The odds were against Dominic Thiem, and he knew it. The best bet for a Next Genner to break the Big Three’s stranglehold at the majors was soberly realistic. “It’s unbelievable, twice in Roland Garros finals, twice facing Rafa,” acknowledged Thiem. “Now facing Novak here, he’s the king of Australia, so I’m always facing the kings of the Grand Slams in these finals.”

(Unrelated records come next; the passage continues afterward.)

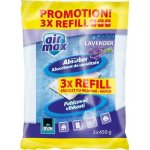 Air Max náplň 3 x 450 g levandule – Zboží Dáma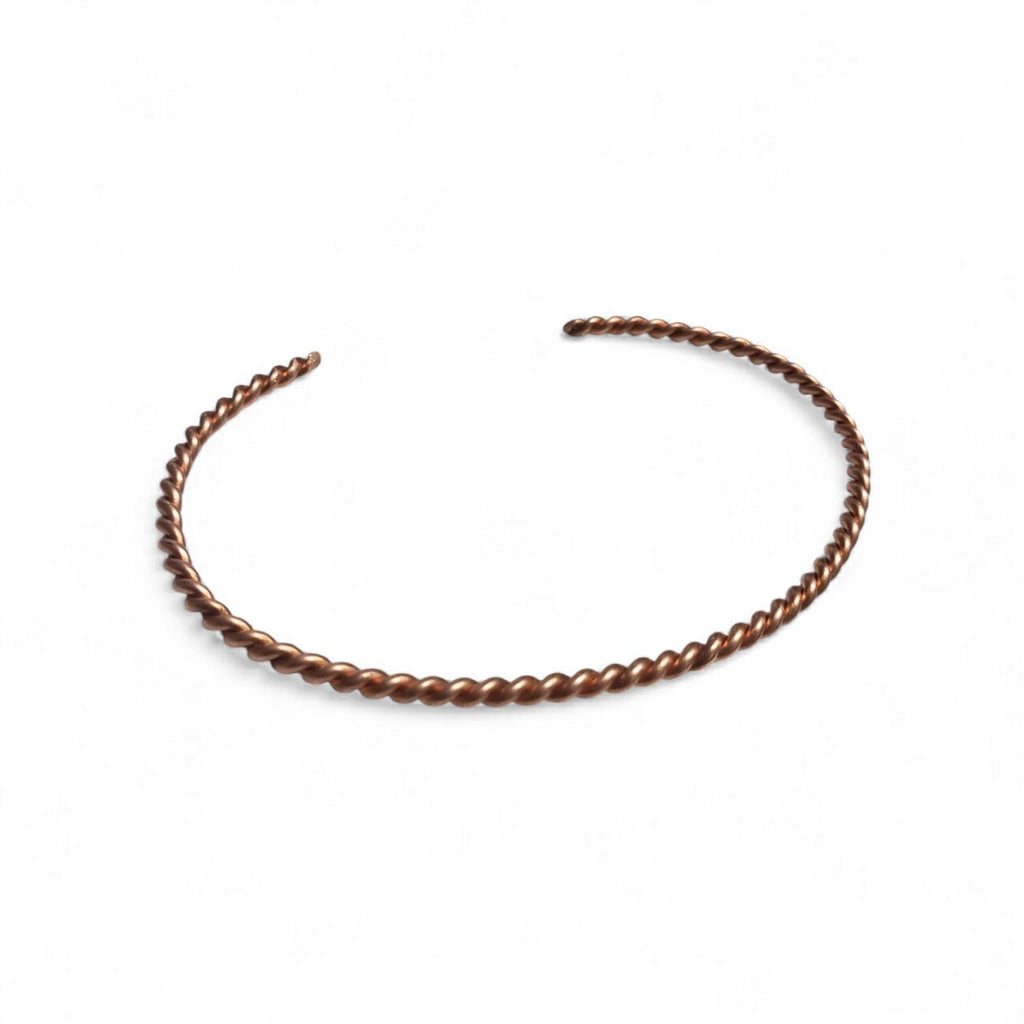 Pretty Copper Bracelet for Women, Copper Tensor Bracelet, Anti-Arthritis Wellness Gift, Elegant Tensor Band, 100% Copper Healing Bracelet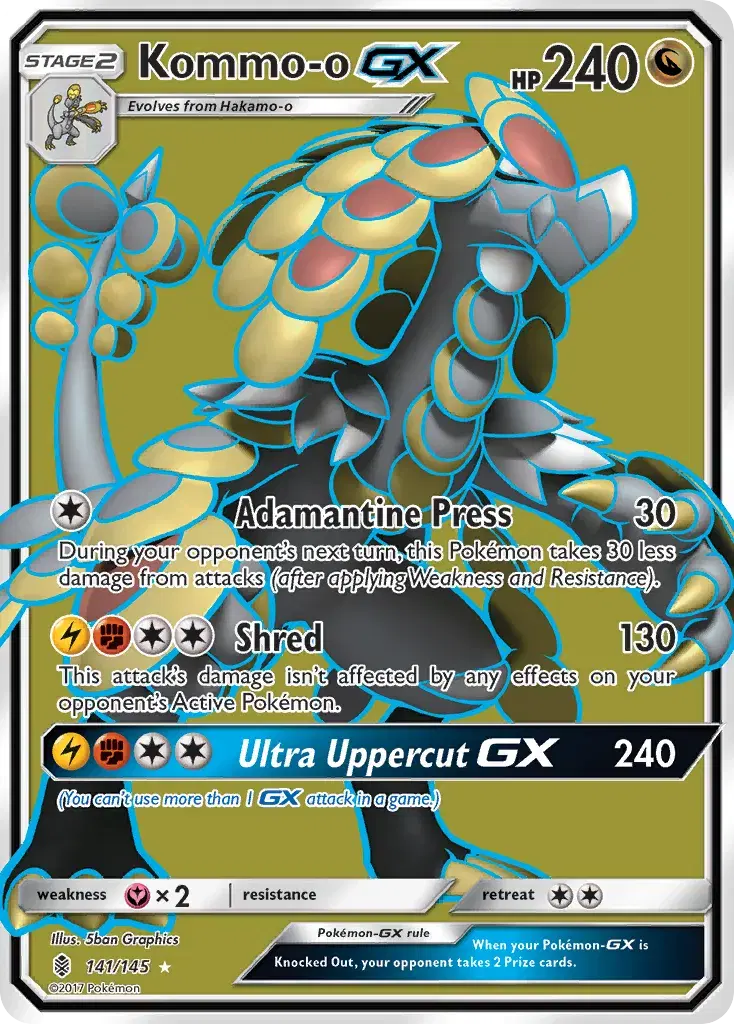 Kommo-o-GX Guardians Rising 141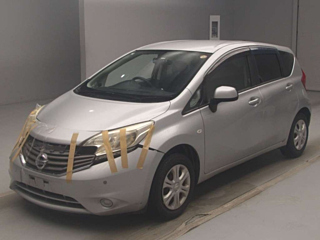 2012 NISSAN NOTE
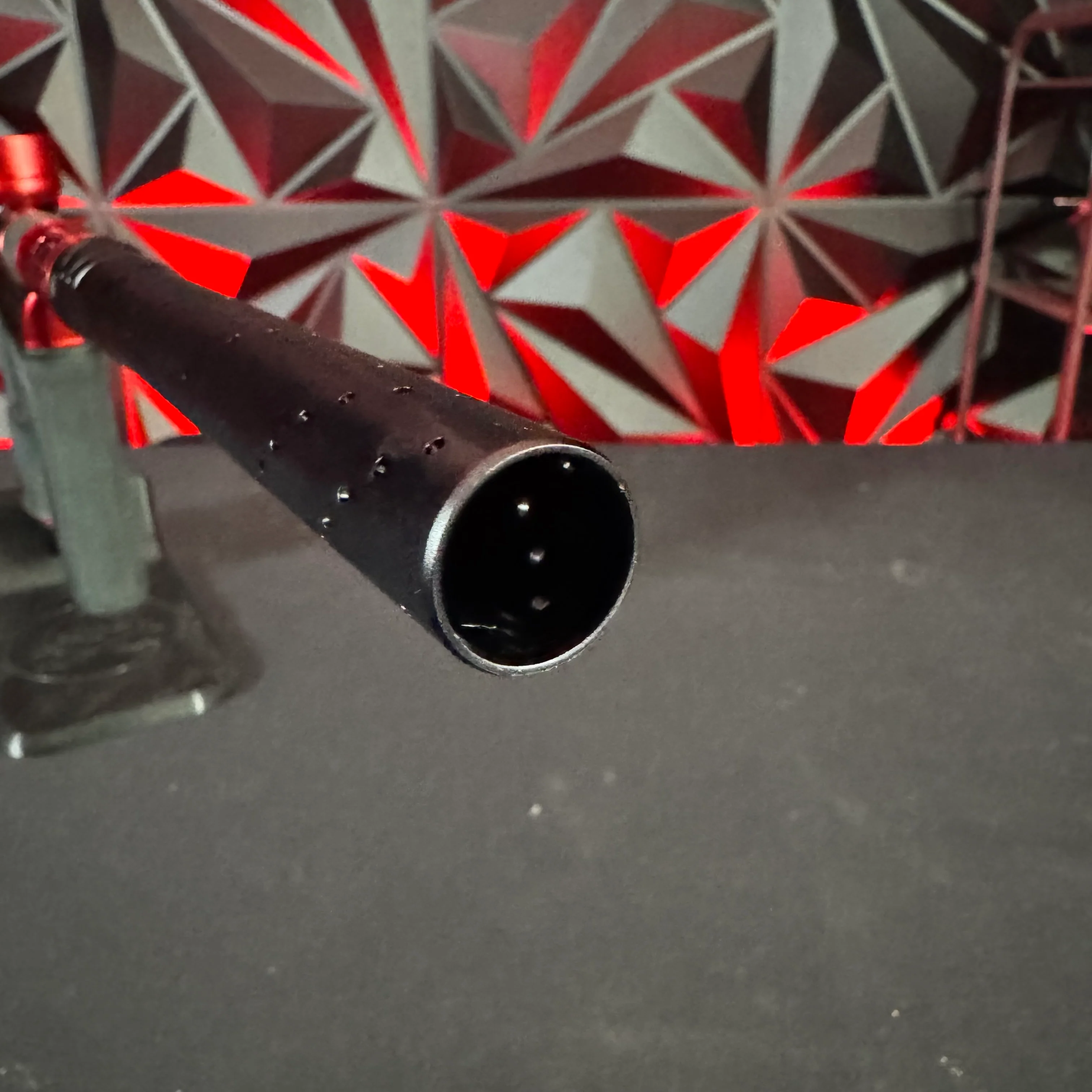 Used Planet Eclipse LV2 Paintball Gun - Black/Red w/ Raptor Deuce Trigger - Image 10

Not only had the King of Hard Courts won a record seven Australian Opens, but Novak Djokovic enjoyed other advantages. The unfair tournament scheduling gave him an extra day of rest and preparation before the final. That mattered because Thiem had battled through gruelling, four-set matches against Rafael Nadal and Alexander Zverev, while Djokovic dropped just one set in six matches. The slower courts this year also favoured the relentlessly efficient Djokovic over the more powerful but sometimes erratic Thiem. Finally, one wonders whether the mild-mannered, deferential Austrian has the “killer instinct” of Nadal or Sofia Kenin or yesteryear champions Jimmy Connors and Monica Seles — that’s imperative in a fiercely competitive sport.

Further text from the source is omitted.